**WHAT THIS TASK INVOLVES**
Copy exactly the lines from the one containing "Vergaderruimte aan de" through the last line of the records below, both included, and leave out the pictures.

### EXERCISE MATERIAL

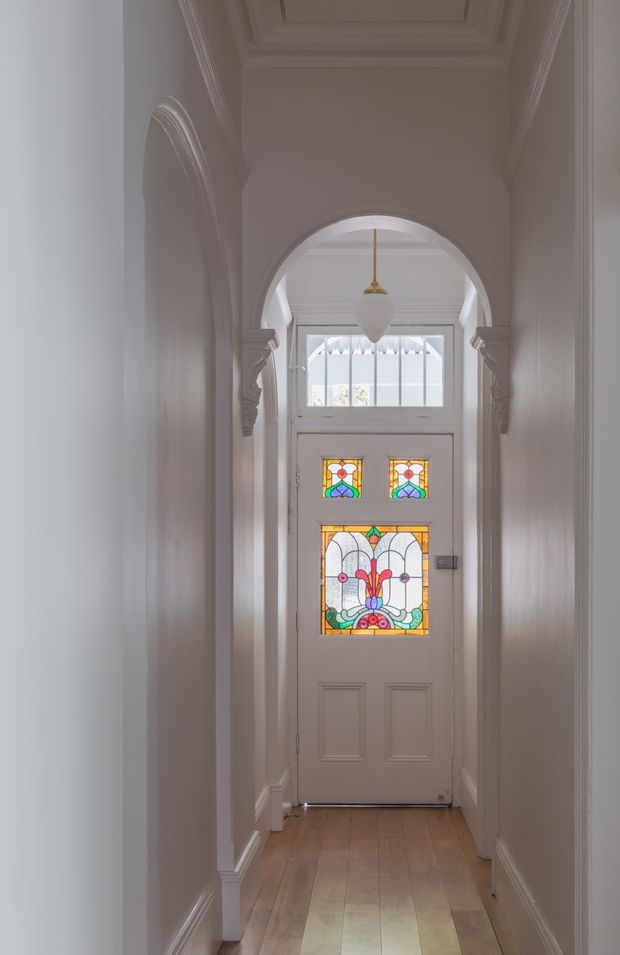 A narrow, elegant residential hallway leading to a white front door with distinctive multicoloured stained-glass panels. The corridor features white walls, decorative ceiling mouldings, ornate arched openings with classical trim and corbels, white timber skirting, and a warm timber floor. A simple pendant light hangs above the entry, creating a refined heritage character.
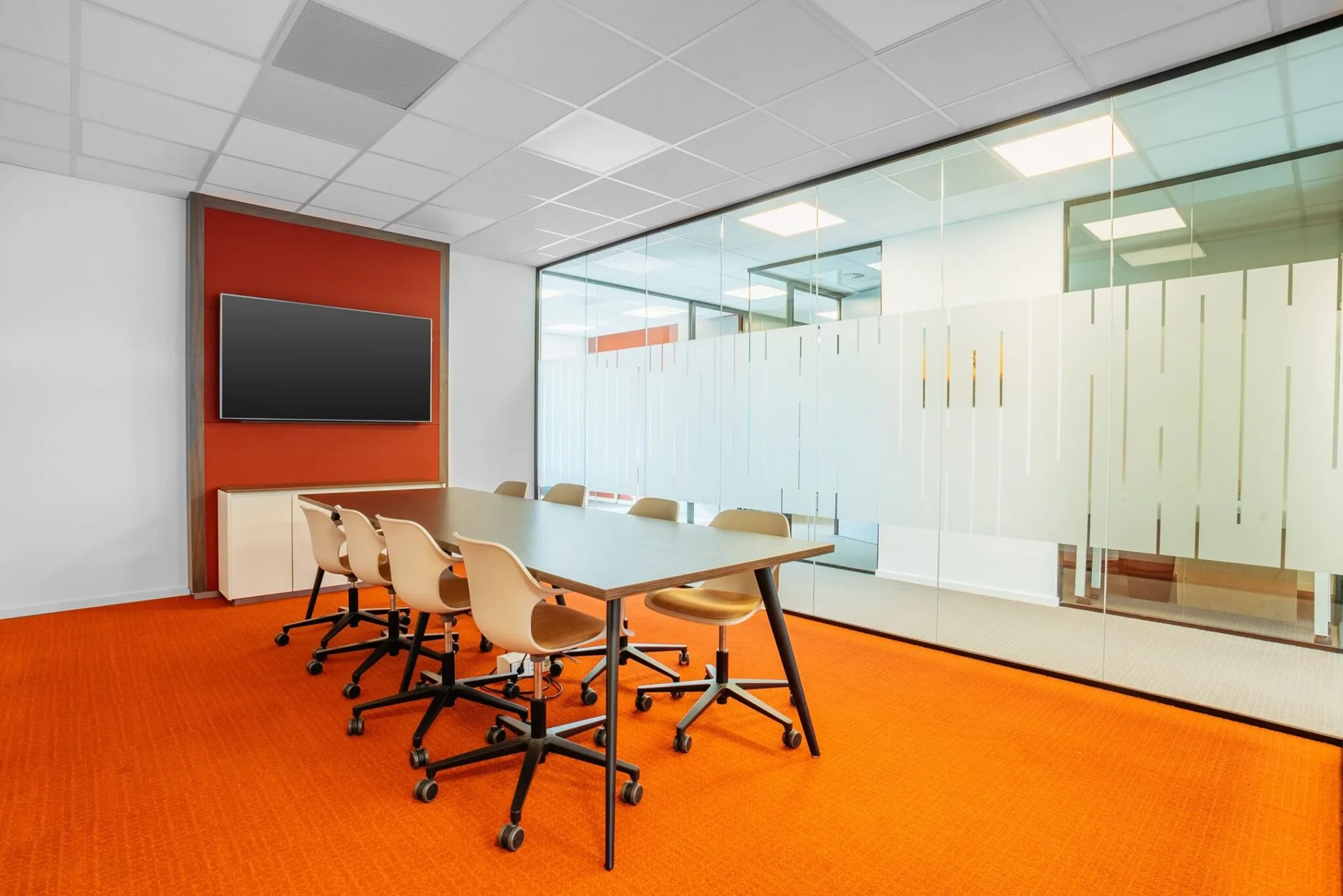 Vergaderruimte aan de Papendorpseweg 75 met oranje vloerbedekking, glazen wand en groot presentatiescherm.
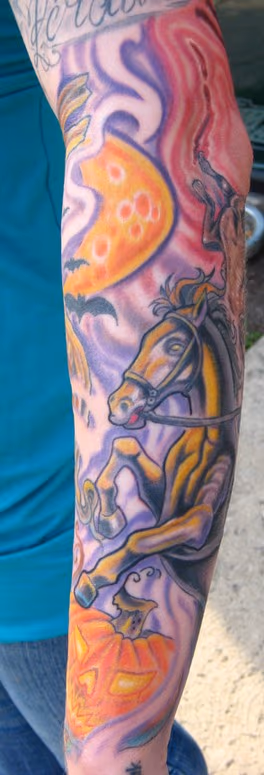 Another view of Tara's halloween tattoo. color halloween pumpkin tattoo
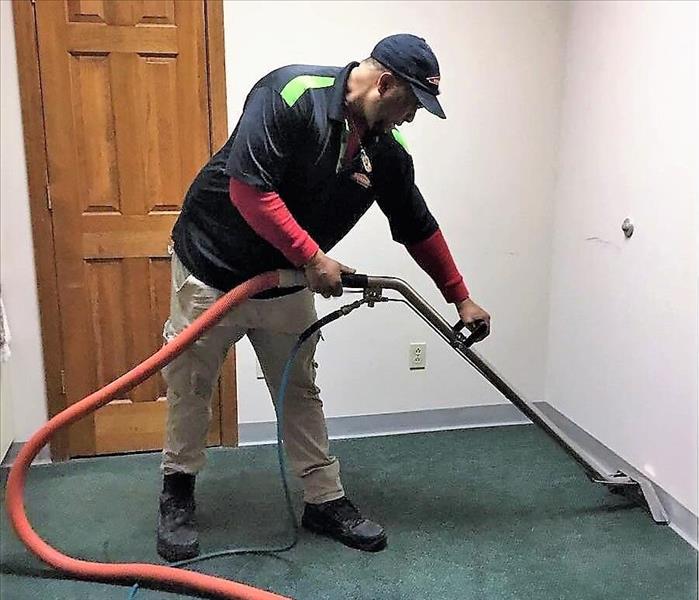 man in Servpro shirt cleaning a carpet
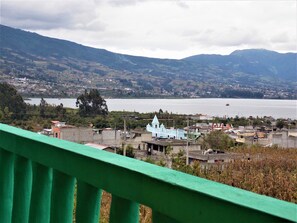 A coastal town with a prominent church, a body of water, and surrounding hills. - Green House Araque Inn (San Pablo del Lago)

######

**ANSWER**
 Vergaderruimte aan de Papendorpseweg 75 met oranje vloerbedekking, glazen wand en groot presentatiescherm.
 Another view of Tara's halloween tattoo. color halloween pumpkin tattoo
 man in Servpro shirt cleaning a carpet
 A coastal town with a prominent church, a body of water, and surrounding hills. - Green House Araque Inn (San Pablo del Lago)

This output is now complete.